La neutralité carbone : une illusion ?

Les datacenters s'inscrivent également dans l'objectif global de neutralité carbone pour 2030, mais cet engagement semble entrer en contradiction avec l'augmentation constante de la consommation numérique. À mesure que l'intelligence artificielle, les services cloud et les solutions d'analyse de données continuent de se développer, il devient impératif de repenser les politiques énergétiques et environnementales. Les responsables politiques devront peut-être envisager des mesures réglementaires pour encadrer cette croissance exponentielle tout en conciliant innovation technologique et respect de l'environnement. Sans cela, les ambitions climatiques risquent de rester hors d'atteinte.
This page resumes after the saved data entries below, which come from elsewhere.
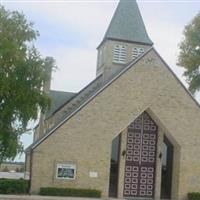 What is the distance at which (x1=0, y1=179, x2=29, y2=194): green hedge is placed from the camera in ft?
101

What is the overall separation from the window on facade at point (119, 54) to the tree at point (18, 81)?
2018 cm

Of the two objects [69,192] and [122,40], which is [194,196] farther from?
[122,40]

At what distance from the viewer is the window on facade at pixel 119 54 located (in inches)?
1854

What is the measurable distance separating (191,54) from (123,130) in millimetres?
12758

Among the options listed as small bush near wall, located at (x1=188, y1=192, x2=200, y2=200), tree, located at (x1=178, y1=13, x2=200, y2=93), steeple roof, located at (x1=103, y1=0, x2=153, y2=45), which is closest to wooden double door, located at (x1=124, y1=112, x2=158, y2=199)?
small bush near wall, located at (x1=188, y1=192, x2=200, y2=200)

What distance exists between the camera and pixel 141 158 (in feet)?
116

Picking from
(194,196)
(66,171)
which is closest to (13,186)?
(66,171)

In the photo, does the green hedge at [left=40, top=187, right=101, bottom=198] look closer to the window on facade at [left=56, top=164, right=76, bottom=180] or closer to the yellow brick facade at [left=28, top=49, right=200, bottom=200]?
the yellow brick facade at [left=28, top=49, right=200, bottom=200]

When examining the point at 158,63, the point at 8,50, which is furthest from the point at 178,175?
the point at 8,50

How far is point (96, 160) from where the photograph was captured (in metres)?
33.0

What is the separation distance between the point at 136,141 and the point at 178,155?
116 inches

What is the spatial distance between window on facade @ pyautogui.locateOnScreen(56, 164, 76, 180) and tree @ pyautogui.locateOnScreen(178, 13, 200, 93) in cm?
1621

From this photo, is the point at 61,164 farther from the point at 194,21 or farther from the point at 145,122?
the point at 194,21

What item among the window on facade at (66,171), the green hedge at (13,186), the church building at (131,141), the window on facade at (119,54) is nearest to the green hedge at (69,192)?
the church building at (131,141) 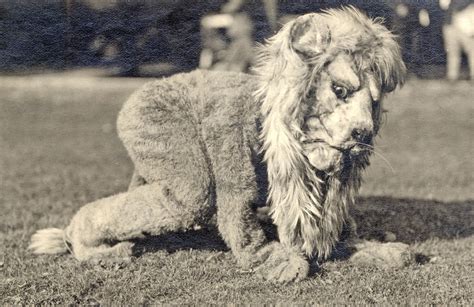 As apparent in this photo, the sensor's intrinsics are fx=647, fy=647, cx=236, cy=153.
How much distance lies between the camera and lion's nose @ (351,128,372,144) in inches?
143

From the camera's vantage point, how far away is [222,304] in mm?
3609

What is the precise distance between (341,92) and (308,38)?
1.18 ft

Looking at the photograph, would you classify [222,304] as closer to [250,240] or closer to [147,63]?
[250,240]

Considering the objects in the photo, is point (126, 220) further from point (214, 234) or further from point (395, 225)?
point (395, 225)

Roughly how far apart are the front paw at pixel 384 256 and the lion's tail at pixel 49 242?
207cm

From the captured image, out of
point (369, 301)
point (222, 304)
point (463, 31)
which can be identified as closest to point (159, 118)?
point (222, 304)

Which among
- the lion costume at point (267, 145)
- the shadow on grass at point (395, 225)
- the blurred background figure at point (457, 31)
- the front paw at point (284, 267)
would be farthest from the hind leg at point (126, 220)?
the blurred background figure at point (457, 31)

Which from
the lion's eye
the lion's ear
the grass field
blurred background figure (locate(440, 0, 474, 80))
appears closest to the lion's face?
the lion's eye

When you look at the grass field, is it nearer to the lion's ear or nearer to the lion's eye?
the lion's eye

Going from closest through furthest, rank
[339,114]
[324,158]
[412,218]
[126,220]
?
1. [339,114]
2. [324,158]
3. [126,220]
4. [412,218]

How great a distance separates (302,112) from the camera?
371cm

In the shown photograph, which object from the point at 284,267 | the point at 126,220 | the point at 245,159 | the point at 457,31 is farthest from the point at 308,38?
the point at 457,31

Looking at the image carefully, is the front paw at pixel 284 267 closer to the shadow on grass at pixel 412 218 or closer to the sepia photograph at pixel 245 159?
the sepia photograph at pixel 245 159

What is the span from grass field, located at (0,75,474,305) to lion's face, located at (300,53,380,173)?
51cm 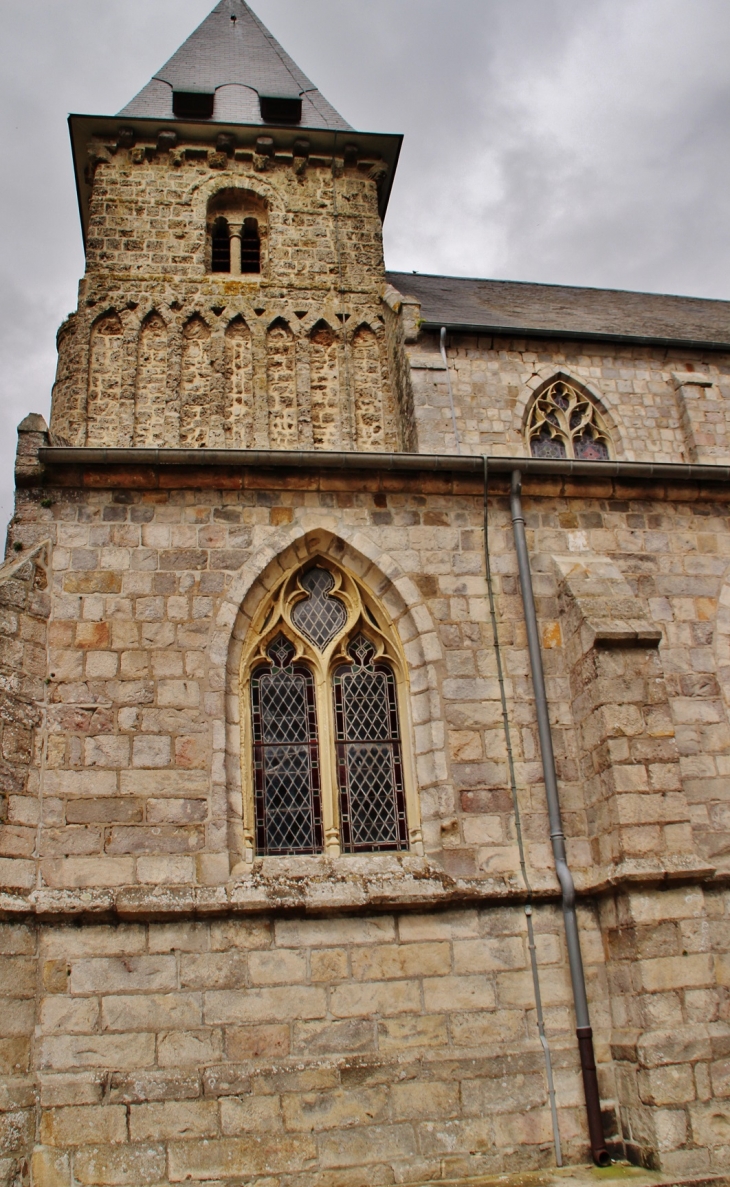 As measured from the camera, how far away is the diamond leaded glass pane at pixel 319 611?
7.19 meters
Enfin, la responsabilité des citoyens dans ce défi collectif ne doit pas être négligée. Chaque interaction numérique, qu'il s'agisse de l'envoi d'un simple e-mail ou de l'utilisation d'outils gourmands en énergie comme les intelligences artificielles, contribue à cet impact grandissant. "Plus on utilisera ces systèmes, plus on en aura besoin, met en garde Denys Bornauw, expert digital pour Agoria Wallonie. Si on prend une calculatrice pour faire un simple calcul, la consommation est quasiment nulle. Si on utilise une intelligence artificielle telle que chat GPT, la consommation est alors exponentielle", dit-il encore. Par exemple, utiliser un outil d'IA pour résoudre une tâche basique, comme un calcul simple, engendre une dépense énergétique bien plus élevée qu'une simple calculatrice. Nos choix individuels, même modestes, peuvent donc jouer un rôle crucial pour minimiser les enjeux énergétiques, sociaux et environnementaux liés aux datacenters.